Why I Love Fifa

I have always followed the career of the actor Sam Neill with interest. It started in physics class in my early teens, when Neill presented a series of to be honest quite bad educational physics videos. Then I noticed that he was in an obscure TV show my dad had just got on DVD about spies in central Asia at the end of the 19th century. Then I remembered that he was in Jurassic Park.

My impression of Neill is that he's a mediocre but quite funny journeyman, willing to sell whatever talent he has for whatever money is available. A sort of sane, under control Nicholas Cage. Given his latest project, this image has never seen more appropriate. Neill is starring in a film about the history of Fifa, alongside fellow mercenary Gérard Depardieu, most famous right now for moving from France to Russia to reduce his tax burden. These two actors exist in the rarefied sphere of art, where one would hope that higher motives would transcend rapacity, and have remained shameless mercenaries. So it is appropriate that they should star in a film about Fifa, an organisation that seems increasingly dedicated to exposing itself as a hotbed of greed, corruption and dirty money.
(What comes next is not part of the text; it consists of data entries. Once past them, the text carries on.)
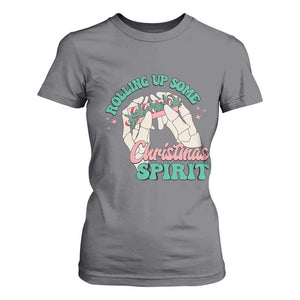 Funny Weed Christmas T Shirt For Women Rolling Up Some Christmas Spirit Skeleton Hand TS11 Charcoal Print Your Wear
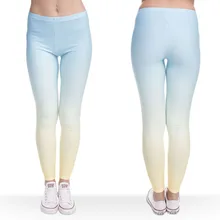 Градиентные однотонные леггинсы для женщин и девочек; леггинсы с эффектом омбре; брюки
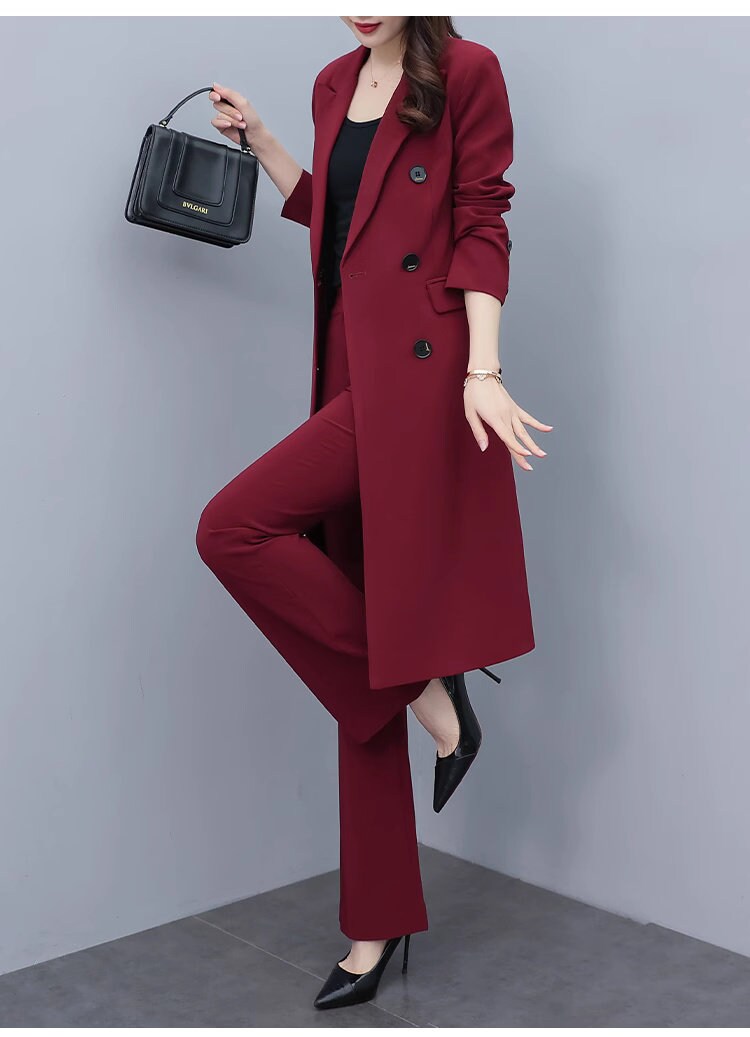 High-end wine red color lady pantsuit designer women spring autumn long blazer + pants suit set thin layer slim cut wedding prom office suit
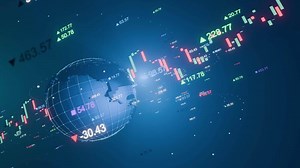 Download Global Finance Animation with Trading Candlesticks and Digital Earth in 3D View, seamless loop for free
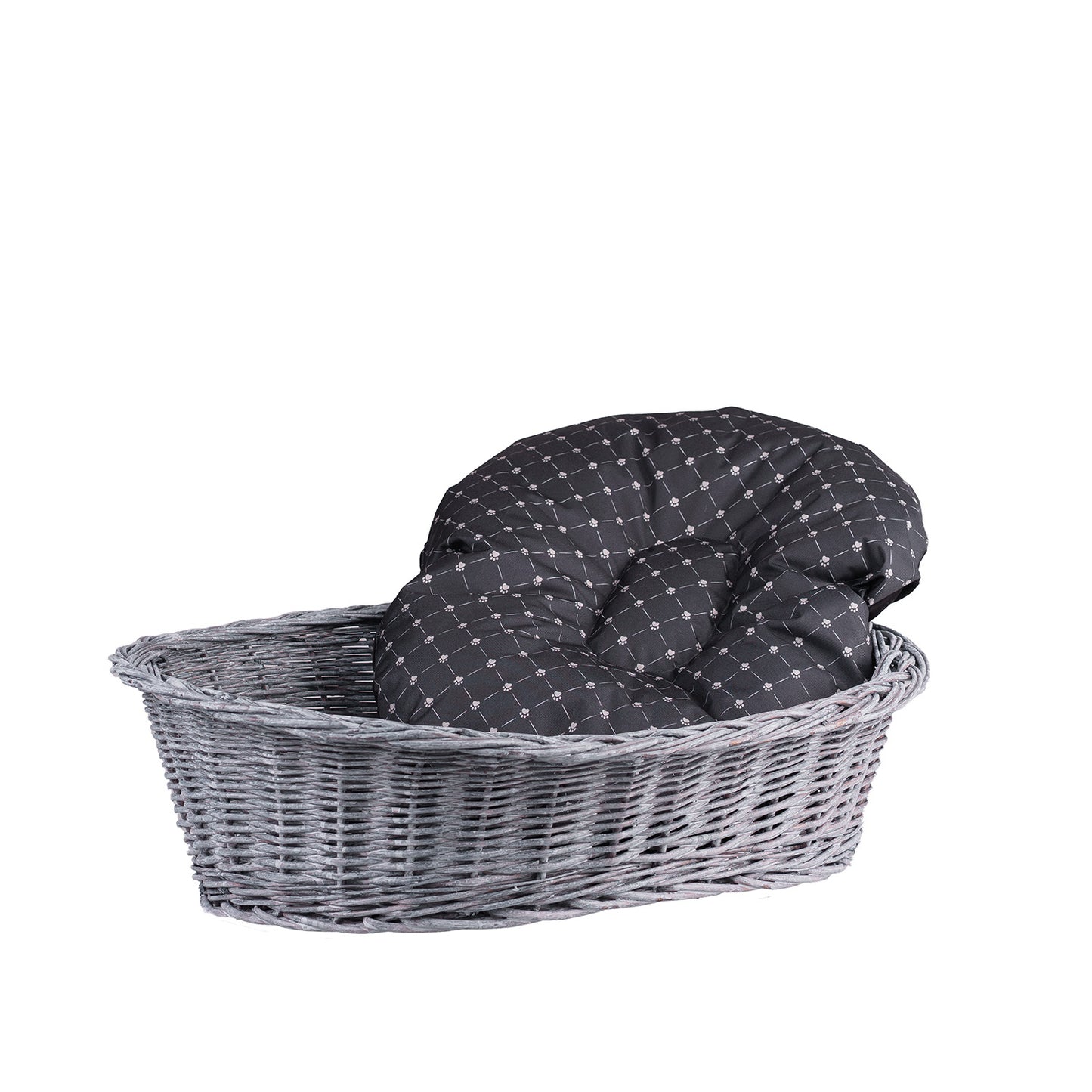 Enovia wiklinowy kosz dla psa i kota z poduszką TheWickerStories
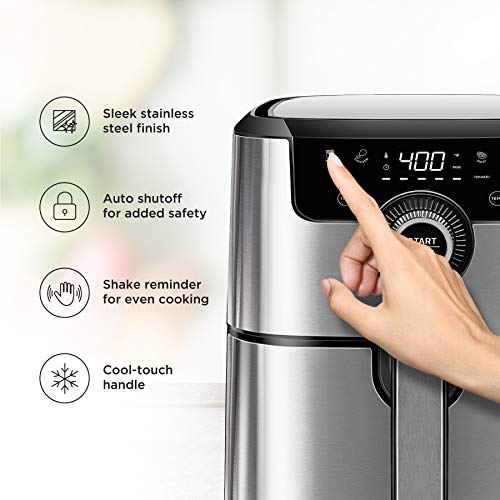 Chefman Air Fryer Healthy Cooking, 4.5 Qt,User Friendly And Dual Control Temperature, Nonstick Stainless Steel, Dishwasher Safe Basket, W/ 60 Minute Timer & Auto Shutoff #TOP2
This morning the Sunday Times ran a story that, based on access to a database of leaked emails and other files, alleged that a large number of Fifa officials, as well as members of a number of national FAs, had received various forms of financial incentive from associates of the Qatari World Cup bid in return for their support. This has got to be one of the least surprising revelations ever. It follows allegations from the Telegraph in March about the financial improprieties of Jack Warner, former Fifa vice-president and former president of the CONCACAF, and years of intimations, assumptions and whisperings about a process of World Cup voting that now looks hopelessly corrupt (well summarised here by David Conn).

There are many many many other questions about Fifa's finances. With the growth of global TV markets, the World Cup has started to make the organisation significantly more money. It is not clear what this money is being spent on. Fifa's reserves have risen from $76 million to $1,280 million between 2003 and 2010. Their operating and governance expenses have more than doubled in the same period. These costs include a $200 million new Swiss headquarters and a $65 million annual wage bill for their 387 employees. (All information from this by the Swiss Ramble, who is consistently amongst the most excellent things you will read about football.)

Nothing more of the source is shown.